Birinci surların kalınlığı 5 metre. Duvarın dış tarafları düzgün bir duvar şeklinde örülüyor; içi molozla doldurulup bunların üzerine ‘horasan’ dökülüyor (‘horasan’, o zamanlara özgü süper bir çimento). Bu moloz yığılı yerleri yatay olarak bölmelere ayıran bir de ‘hatıllar’ var. Bunları da rahatlıkla tanıyabiliriz. Dikkat edersek, surlarda tuğladan şeritler görürüz. İşte bunlar, duvarın öteki tarafına kadar tuğla ile düzgün şekilde örülmüş ‘hatıl’lardır.

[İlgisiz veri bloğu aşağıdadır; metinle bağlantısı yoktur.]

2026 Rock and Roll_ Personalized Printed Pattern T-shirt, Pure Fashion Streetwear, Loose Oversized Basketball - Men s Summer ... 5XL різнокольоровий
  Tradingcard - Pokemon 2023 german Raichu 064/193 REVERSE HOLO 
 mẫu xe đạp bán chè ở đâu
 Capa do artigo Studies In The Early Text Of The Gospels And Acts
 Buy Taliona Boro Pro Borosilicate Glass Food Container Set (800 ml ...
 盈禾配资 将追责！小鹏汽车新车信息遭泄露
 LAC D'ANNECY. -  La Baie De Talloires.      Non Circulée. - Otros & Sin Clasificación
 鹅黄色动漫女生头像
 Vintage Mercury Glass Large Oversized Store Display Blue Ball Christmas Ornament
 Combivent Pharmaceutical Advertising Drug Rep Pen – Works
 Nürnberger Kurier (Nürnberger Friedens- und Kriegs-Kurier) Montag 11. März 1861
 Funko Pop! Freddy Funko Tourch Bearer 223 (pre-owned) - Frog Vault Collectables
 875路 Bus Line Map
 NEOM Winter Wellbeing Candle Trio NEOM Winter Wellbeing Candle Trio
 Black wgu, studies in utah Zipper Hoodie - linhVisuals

Birinci surların yüksekliği de 12 metre civarındadır. Aralarda (55 metrede bir) burçlar yükselir. Burçların yüksekliği 18-20 metredir.

Bu arada, yeni öğrendiğim birkaç güzel kelime: duvarların üzerinde diş gibi duran, aralarından savaşçıların ok vs. attıkları (bazen ‘mazgal’ da denilen) şeylere ‘dendan’ deniyor. O dendanların arkasında askerlerin gidip geldiği, dolaştığı yere de ‘seğirdim’ deniyor (bence bunun ‘seğirtmek’’le bir ilgisi olabilir).

İlk sıranın burçları iki katlı ama katların birbiriyle bağlantısı yok. Alt kat depo olarak kullanılıyormuş. Bunların çoğunun şehir içinden giriş kapısı görülüyor.

Merdivenlerle seğirdime çıkılıyor, oradan da burcun tepesine. Bu merdivenleri de birçok yerde görüyoruz.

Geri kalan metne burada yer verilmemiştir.